I did hear Sinatra quite often on BBC Radio in the 60s — especially on request programmes like Two-Way Family Favourites and Housewives' Choice. BBC Radio and TV back then really was "broadcasting"; granted, there were programmes that focused on specific types of music, but on many shows you could expect to hear all sorts of popular music. And Frank Sinatra was very popular ... with the old folk!
|"... Strangers in the night, exchanging glances ... "|
But the few Sinatra songs that did break through in that decade were not that impressive to my ears. There was "Strangers in the Night" in 1966. It was a #1 hit — his first in 11 years. But it sounded quite trite to me. It amazed me to learn much later that Frank agreed. He actually thought that it was "a piece of shit ... the worst fucking song that I ever heard." Maybe that recording's "doo-be-doo-be doo" coda wasn't playful scatting, after all; maybe it was a dig at the fatuousness of the lyrics?

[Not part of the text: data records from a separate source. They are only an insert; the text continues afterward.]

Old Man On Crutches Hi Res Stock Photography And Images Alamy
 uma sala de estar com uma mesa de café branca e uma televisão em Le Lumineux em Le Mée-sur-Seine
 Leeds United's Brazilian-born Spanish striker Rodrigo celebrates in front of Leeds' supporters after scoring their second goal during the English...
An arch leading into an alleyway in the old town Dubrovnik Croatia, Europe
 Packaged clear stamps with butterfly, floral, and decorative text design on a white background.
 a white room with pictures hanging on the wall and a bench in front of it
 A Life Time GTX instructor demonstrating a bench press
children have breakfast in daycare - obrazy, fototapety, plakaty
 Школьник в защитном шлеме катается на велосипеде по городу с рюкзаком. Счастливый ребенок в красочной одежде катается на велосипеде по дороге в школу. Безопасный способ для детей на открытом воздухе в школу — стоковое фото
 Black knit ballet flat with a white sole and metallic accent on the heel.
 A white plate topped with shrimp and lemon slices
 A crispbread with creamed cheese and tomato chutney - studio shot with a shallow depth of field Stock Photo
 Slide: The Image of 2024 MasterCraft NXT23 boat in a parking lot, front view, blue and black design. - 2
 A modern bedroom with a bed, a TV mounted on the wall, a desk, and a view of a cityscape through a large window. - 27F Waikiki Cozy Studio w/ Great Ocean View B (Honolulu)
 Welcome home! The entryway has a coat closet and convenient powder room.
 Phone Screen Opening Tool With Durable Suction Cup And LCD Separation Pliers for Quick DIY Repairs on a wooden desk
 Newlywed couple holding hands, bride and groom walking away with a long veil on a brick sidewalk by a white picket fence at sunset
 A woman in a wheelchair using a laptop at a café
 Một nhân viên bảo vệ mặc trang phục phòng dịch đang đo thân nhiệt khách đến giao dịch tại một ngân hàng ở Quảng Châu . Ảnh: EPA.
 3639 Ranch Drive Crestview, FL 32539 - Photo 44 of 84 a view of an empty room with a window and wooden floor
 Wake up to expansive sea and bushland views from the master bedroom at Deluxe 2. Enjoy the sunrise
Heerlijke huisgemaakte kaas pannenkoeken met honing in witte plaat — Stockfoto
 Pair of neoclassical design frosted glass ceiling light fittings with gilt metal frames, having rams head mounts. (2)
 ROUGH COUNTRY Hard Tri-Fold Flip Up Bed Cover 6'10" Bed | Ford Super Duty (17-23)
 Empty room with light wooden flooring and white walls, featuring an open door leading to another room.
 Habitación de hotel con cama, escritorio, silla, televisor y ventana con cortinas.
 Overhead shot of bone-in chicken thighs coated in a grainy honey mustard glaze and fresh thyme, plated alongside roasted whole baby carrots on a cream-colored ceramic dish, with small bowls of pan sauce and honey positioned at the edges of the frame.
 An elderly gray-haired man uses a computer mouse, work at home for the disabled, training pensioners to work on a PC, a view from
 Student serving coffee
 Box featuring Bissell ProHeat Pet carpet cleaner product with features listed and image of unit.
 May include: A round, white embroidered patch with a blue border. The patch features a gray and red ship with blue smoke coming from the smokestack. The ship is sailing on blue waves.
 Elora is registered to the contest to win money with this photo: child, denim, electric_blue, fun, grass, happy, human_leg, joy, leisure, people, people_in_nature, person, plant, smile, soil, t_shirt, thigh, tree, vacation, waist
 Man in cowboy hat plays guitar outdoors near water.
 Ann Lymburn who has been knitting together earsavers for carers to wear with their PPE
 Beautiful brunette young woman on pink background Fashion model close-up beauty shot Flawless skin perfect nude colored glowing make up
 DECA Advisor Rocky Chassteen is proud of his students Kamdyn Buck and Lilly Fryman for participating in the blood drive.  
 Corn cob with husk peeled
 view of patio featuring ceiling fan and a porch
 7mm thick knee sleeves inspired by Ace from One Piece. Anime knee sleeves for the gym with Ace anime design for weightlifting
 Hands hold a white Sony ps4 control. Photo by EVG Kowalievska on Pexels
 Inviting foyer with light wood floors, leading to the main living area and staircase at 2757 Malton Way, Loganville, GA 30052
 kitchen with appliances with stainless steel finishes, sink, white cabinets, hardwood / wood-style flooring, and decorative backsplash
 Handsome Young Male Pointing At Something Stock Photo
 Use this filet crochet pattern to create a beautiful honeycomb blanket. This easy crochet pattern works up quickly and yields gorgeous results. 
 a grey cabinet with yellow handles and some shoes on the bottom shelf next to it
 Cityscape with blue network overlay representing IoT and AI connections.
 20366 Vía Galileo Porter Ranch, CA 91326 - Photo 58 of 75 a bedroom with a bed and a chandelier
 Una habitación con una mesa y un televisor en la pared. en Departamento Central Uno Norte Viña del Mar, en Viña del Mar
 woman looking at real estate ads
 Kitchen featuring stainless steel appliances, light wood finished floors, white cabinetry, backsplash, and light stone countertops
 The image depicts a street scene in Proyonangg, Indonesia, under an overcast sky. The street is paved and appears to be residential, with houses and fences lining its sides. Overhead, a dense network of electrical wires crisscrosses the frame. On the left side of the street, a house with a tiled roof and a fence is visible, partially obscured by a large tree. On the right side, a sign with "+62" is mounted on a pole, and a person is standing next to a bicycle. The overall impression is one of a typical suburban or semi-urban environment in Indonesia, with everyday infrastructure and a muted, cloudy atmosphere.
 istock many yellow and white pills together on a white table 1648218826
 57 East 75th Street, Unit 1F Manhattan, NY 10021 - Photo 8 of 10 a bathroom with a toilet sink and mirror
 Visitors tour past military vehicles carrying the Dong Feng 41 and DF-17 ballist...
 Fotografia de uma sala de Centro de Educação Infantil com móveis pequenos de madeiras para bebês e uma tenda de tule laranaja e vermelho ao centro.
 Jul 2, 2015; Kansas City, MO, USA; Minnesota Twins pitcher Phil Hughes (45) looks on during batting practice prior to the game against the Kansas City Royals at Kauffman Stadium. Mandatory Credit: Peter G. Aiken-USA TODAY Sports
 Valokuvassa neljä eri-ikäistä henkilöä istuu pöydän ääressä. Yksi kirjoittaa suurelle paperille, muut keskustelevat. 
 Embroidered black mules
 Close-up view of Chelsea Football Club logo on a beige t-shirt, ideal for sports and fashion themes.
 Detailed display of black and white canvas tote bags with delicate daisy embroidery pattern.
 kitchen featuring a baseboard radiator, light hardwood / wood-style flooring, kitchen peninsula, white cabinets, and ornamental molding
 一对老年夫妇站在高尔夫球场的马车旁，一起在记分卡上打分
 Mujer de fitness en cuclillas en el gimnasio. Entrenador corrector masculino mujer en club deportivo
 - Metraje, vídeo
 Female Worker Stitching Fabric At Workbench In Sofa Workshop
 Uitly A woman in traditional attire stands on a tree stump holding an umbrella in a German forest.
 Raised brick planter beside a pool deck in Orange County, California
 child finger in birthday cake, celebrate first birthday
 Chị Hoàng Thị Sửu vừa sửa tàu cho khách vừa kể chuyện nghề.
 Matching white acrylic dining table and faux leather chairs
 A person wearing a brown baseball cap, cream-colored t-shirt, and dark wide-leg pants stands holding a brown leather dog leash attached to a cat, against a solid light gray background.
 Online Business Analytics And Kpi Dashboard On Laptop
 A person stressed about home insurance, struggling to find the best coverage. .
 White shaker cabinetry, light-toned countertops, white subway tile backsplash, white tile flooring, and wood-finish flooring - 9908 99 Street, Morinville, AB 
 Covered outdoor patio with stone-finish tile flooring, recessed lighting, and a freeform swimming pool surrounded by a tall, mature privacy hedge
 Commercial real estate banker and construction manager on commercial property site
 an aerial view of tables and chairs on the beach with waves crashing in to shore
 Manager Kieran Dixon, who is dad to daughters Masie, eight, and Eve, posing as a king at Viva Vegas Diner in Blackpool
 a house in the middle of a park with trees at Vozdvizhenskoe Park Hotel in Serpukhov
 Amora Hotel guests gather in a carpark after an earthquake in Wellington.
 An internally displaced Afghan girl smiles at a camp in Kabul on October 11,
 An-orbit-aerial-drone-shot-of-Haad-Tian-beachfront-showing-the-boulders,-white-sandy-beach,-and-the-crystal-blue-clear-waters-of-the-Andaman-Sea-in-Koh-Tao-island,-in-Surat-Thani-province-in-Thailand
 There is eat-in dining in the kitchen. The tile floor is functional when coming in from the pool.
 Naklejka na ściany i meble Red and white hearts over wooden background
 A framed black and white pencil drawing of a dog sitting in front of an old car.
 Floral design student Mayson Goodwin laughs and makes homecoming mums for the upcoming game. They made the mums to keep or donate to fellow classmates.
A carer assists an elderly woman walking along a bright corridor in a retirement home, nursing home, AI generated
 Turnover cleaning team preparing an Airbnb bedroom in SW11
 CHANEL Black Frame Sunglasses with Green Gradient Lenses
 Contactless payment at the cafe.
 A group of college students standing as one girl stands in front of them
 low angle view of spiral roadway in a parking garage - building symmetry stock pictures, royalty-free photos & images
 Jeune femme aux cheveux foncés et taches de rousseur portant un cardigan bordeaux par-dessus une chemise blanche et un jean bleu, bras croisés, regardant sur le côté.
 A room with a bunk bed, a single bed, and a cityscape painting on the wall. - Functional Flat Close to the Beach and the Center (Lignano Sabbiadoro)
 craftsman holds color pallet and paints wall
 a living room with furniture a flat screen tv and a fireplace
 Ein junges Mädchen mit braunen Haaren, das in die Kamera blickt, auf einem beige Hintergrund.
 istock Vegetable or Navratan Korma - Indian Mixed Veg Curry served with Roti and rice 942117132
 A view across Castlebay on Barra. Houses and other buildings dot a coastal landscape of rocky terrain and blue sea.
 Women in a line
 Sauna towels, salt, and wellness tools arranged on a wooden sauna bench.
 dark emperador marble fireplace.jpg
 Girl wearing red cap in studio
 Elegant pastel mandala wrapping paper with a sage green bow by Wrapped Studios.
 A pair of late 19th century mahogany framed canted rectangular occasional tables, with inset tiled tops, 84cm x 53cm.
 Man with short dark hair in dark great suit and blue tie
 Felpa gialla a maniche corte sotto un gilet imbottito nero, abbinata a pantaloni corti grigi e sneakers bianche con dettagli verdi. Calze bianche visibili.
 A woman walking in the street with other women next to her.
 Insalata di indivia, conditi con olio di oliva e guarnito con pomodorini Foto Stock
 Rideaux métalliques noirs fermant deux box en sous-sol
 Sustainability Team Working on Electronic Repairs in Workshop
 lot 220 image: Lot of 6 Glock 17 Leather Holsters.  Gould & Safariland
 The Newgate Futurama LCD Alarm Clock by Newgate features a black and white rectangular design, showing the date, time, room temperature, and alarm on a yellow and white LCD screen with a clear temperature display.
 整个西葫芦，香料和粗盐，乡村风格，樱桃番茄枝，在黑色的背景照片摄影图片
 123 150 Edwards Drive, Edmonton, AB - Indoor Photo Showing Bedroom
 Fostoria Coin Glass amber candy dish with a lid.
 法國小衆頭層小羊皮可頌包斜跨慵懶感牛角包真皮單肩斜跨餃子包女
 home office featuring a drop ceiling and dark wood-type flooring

And at the very end of the decade came Sinatra's 1969 recording of "My Way" — originally a French pop song, but now the tune was matched to a Paul Anka lyric. This was even worse than "Strangers in the Night". Again, Frank agreed. Later he would sometimes tell audiences, "I hate this song." Despite a common misconception that the lyrics sum up nicely Sinatra's personal approach to life, this bombastic song does not reflect the man's rather humble view of his art — regardless of his often boorish behaviour. Until he had this song pushed at him — against his better instincts — as the chance for a big hit, he would not have dreamed of singing such a conceited hymn of self-celebration.
Yeah, I know, I didn't really hear much of his stuff, but the little that I did hear, I didn't like. Case closed. Ah, the sure arrogance of youth!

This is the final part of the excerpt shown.